THE TASK: Within the records below, reproduce without change the lines from the line that has "Shell Gemstone 925" through the line that has "Shipping in a", and only those.
ENTRIES PROVIDED Block Start
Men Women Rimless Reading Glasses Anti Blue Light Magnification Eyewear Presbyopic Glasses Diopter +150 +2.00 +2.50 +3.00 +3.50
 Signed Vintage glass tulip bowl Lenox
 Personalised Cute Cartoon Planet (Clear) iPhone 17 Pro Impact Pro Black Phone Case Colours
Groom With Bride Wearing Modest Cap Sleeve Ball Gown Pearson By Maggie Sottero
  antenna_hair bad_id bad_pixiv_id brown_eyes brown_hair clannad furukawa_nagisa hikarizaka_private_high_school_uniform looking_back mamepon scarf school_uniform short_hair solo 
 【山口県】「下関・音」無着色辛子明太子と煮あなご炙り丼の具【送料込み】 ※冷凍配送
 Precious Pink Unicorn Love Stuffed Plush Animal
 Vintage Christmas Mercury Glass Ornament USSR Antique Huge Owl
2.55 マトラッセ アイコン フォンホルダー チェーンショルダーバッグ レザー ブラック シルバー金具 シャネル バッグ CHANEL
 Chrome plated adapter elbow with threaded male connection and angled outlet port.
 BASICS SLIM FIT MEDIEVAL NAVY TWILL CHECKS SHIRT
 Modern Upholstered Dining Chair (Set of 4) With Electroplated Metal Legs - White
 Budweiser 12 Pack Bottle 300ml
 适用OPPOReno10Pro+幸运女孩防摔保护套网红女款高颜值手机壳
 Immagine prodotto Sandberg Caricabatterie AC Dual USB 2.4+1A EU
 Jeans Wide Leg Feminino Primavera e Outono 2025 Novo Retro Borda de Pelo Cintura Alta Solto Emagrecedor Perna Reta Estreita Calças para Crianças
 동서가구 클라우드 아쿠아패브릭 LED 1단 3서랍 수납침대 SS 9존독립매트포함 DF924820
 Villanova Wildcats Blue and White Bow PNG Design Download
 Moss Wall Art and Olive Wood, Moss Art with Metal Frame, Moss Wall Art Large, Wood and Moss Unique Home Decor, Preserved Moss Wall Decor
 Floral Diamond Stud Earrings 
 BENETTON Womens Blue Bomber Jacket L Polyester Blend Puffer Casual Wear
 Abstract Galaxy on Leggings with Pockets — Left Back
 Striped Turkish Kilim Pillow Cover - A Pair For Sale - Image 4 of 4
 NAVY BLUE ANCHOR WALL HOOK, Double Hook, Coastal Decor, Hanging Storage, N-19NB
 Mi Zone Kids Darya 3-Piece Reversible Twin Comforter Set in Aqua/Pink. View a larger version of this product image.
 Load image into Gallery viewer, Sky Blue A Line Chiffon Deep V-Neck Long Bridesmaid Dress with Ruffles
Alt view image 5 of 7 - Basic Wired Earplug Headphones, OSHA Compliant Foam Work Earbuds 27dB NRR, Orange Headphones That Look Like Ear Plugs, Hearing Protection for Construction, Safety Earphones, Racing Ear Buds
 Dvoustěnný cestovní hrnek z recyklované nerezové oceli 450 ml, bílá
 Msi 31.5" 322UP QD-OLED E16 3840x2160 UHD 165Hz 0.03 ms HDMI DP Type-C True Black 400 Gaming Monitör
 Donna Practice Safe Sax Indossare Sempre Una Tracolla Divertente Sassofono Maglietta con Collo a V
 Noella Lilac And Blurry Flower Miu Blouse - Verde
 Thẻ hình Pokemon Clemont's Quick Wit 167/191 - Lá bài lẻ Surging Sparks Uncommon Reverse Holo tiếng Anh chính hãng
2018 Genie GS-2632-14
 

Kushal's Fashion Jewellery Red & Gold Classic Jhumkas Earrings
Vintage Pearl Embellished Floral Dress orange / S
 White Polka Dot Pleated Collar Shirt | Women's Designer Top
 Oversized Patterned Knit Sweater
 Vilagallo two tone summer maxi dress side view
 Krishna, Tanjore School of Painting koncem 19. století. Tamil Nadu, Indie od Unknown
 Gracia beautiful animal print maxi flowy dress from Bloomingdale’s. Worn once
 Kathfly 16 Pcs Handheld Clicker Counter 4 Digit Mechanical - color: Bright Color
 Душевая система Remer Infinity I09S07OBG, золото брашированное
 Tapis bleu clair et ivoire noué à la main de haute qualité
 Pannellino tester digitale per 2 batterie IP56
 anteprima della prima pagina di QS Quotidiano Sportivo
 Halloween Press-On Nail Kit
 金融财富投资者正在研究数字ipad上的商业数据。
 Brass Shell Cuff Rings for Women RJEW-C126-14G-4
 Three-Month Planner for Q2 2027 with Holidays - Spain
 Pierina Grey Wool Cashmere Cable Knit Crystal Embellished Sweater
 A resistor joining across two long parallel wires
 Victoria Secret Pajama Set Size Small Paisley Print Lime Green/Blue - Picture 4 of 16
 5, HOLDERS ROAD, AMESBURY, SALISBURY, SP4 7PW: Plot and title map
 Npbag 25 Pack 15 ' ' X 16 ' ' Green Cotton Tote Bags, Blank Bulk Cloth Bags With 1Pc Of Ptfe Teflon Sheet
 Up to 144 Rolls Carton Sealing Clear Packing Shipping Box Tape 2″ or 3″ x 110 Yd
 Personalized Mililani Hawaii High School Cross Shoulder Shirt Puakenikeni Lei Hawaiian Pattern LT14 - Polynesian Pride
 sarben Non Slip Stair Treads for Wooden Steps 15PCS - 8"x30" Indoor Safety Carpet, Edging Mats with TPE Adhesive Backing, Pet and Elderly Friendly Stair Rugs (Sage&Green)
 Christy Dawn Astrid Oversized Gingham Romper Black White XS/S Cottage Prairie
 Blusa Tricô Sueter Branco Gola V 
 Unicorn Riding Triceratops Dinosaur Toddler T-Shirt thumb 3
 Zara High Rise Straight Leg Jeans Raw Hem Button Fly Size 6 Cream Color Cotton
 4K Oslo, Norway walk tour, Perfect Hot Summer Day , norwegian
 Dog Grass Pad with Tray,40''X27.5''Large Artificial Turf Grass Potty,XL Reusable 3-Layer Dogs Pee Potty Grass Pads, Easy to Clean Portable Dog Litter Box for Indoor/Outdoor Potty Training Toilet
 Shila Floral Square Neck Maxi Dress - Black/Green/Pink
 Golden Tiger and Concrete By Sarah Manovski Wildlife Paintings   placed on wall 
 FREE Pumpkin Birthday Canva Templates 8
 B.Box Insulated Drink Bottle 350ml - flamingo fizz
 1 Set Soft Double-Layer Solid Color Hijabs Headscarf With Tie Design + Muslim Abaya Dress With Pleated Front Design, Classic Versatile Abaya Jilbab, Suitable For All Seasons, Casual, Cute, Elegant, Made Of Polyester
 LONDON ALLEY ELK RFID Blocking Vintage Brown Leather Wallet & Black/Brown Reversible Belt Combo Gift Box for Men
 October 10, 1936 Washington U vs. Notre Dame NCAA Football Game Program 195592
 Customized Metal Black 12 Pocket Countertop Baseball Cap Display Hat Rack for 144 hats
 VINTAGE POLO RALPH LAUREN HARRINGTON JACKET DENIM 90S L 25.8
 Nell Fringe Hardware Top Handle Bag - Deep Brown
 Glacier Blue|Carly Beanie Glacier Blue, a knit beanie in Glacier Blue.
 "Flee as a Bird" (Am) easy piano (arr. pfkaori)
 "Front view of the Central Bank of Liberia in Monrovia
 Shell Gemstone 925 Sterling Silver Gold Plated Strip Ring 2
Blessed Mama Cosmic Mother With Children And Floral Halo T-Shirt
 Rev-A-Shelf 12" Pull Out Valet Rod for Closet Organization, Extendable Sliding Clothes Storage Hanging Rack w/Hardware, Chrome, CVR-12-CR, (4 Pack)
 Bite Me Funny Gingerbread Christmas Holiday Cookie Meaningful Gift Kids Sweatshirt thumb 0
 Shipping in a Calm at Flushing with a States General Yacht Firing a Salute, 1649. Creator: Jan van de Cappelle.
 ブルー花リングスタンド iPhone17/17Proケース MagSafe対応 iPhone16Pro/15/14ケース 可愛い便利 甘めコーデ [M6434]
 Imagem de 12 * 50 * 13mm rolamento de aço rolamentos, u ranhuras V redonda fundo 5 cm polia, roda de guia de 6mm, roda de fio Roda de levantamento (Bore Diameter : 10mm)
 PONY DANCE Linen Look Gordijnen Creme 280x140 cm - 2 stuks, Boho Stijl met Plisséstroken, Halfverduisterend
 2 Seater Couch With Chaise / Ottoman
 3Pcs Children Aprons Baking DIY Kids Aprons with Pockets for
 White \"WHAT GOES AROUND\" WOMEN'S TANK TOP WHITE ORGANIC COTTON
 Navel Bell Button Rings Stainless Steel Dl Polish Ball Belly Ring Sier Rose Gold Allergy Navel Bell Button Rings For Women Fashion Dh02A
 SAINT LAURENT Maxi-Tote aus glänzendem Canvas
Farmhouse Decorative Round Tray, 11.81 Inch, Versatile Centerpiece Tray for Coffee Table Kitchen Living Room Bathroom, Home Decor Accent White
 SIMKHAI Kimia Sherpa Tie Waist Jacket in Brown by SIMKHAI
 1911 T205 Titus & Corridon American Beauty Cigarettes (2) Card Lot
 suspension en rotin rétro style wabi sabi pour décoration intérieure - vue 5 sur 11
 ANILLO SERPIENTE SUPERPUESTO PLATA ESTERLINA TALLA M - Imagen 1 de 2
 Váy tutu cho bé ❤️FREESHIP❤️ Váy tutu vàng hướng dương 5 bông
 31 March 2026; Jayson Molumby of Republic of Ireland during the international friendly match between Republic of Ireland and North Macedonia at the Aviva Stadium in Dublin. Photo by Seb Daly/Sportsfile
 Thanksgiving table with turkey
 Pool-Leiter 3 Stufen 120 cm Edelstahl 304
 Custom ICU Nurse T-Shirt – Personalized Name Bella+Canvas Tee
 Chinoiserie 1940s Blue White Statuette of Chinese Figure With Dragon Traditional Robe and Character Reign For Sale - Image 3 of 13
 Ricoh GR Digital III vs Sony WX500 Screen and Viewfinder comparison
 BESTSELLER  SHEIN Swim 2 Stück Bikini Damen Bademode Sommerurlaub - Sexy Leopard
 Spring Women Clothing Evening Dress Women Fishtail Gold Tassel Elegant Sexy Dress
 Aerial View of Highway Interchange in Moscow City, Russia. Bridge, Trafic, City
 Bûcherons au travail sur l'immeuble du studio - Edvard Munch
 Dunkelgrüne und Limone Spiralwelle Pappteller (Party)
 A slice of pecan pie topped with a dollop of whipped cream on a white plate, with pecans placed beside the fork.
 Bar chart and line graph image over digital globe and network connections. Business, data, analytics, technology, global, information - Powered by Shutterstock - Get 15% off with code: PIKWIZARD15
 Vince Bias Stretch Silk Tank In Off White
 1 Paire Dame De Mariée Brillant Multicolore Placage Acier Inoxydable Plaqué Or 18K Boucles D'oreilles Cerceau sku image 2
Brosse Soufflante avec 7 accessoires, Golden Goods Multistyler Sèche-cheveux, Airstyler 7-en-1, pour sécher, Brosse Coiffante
ENTRIES PROVIDED Block End
WRITTEN SOLUTION:
 Shell Gemstone 925 Sterling Silver Gold Plated Strip Ring 2
Blessed Mama Cosmic Mother With Children And Floral Halo T-Shirt
 Rev-A-Shelf 12" Pull Out Valet Rod for Closet Organization, Extendable Sliding Clothes Storage Hanging Rack w/Hardware, Chrome, CVR-12-CR, (4 Pack)
 Bite Me Funny Gingerbread Christmas Holiday Cookie Meaningful Gift Kids Sweatshirt thumb 0
 Shipping in a Calm at Flushing with a States General Yacht Firing a Salute, 1649. Creator: Jan van de Cappelle.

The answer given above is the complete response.